La petite histoire retiendra probablement que le marrant "Bite My Head Off", un punk-rock garage exécuté dans l’urgence, est interprété à la basse par un Paul McCartney qui torture avec malice une Hoffner équipée d’origine d’un interrupteur fuzz du meilleur effet.
Plus malencontreux (sinon gênants) sont les deux titres – "Live By The Sword" et le funky "Mess It Up" – avec le regretté Charlie Watts aux drums. Même si le batteur au back beat le plus jazzy de l’histoire du rock mérite un immense respect, la démarche présente quelques accents nécrophiles déplaisants.
Tout ce bazar un peu hétéroclite ne fait pas un grand album et peut même poser la question de l’utilité d’un opus aussi tardif. La question se fait philosophique. Même les vieux chiens aboient et il n’y a aucune raison qu’un caillou arrête de rouler.
Finalement, ce que j’aime le plus dans ce disque, c’est toute l’histoire d’avant et, peut-être, toute l’histoire d’après. Chez les personnes âgées, ça s’appelle du gâtisme. Et je le revendique. D’autant plus que, 55 ans après son apparition mystérieuse sur les ondes moyennes de la radio familiale, Kîîîf est toujours mon meilleur ami imaginaire. Prêt à dégainer sa six-cordes lorsque j’ai un coup de cafard ou quand un fâcheux me fait des misères. C’est définitivement précieux, ça…
Et si vous estimez que vous ne pouvez pas vous payer ce petit luxe, piquez Hackney Diamonds (vous verrez, c’est dingue !) en évitant de vous faire attraper comme Jimmy ! Le format plus étriqué du CD tombe pile poil dans les grandes poches de la parka M51…
(1) Ce n’est que plus tard que j’apprendrai qu’il s’agissait de "Sympathy For The Devil" des Rolling Stones. Je ne connaissais alors d’eux que l’inévitable "Satisfaction" qui passait (rarement) sur les stations écoutées par mes parents.

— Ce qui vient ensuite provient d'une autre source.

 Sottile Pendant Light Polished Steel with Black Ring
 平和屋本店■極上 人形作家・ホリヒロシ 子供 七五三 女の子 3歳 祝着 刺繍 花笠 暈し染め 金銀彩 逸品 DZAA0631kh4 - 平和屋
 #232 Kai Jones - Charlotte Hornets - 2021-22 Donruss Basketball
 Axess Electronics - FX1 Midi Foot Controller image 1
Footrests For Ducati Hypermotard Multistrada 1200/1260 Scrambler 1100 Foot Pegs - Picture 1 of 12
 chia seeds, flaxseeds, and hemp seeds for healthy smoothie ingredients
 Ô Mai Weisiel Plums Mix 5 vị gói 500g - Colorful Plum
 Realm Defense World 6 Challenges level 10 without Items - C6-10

(2) "Ce soir le fantôme a deux mille ans / Il a décidé de fêter ça, ha ha / Ce soir le fantôme a deux mille ans / Il a épousé Agatha" Les plus futés auront reconnu la plume d’exception d’Eric Charden… ce qui nous ramène encore à Stone.

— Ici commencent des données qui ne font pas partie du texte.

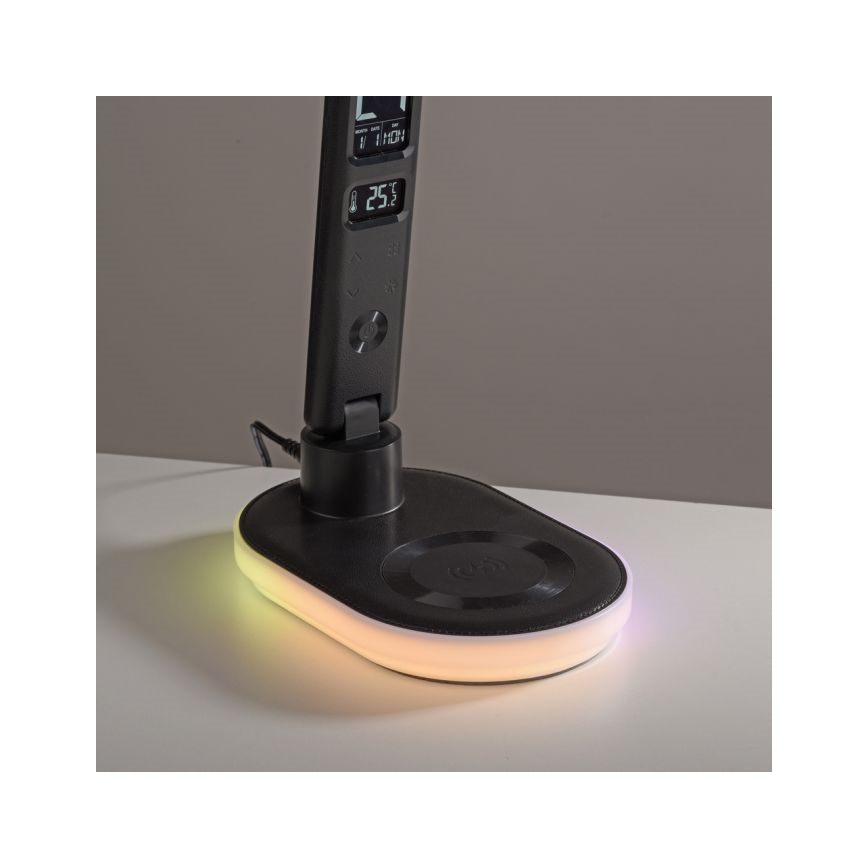 JUST LIGHT. 11018-18 - LED RGBW LED Hämardatav puutetundlik laualamp juhtmevaba laadimisega TINA LED/4W/230V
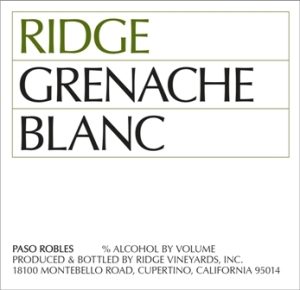 Ridge Grenache Blanc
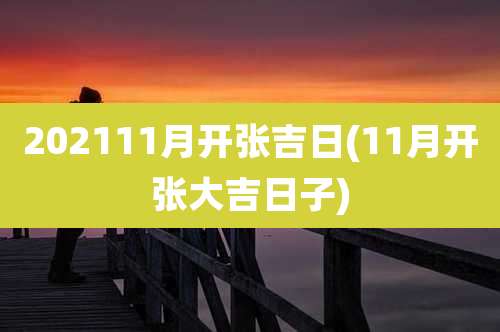 202111月开张吉日(11月开张大吉日子)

(3) Le cultissime "Rockollection" (1977)
(4) Les 45 tours étaient faciles à dissimuler. Nos mamans, aimantes et naïves, ne nous ont jamais demandé pourquoi nous voulions tous qu’elles cousent une grande poche à l’intérieur du manteau que nous portions été comme hiver.
(5) Le titre de Muddy Waters (qui aurait inspiré son nom au groupe) est enregistré en mode démo analogique avec – croirait-on – un micro multidirectionnel simplement posé sur une banquette du quai n°2 de la gare de Dartford…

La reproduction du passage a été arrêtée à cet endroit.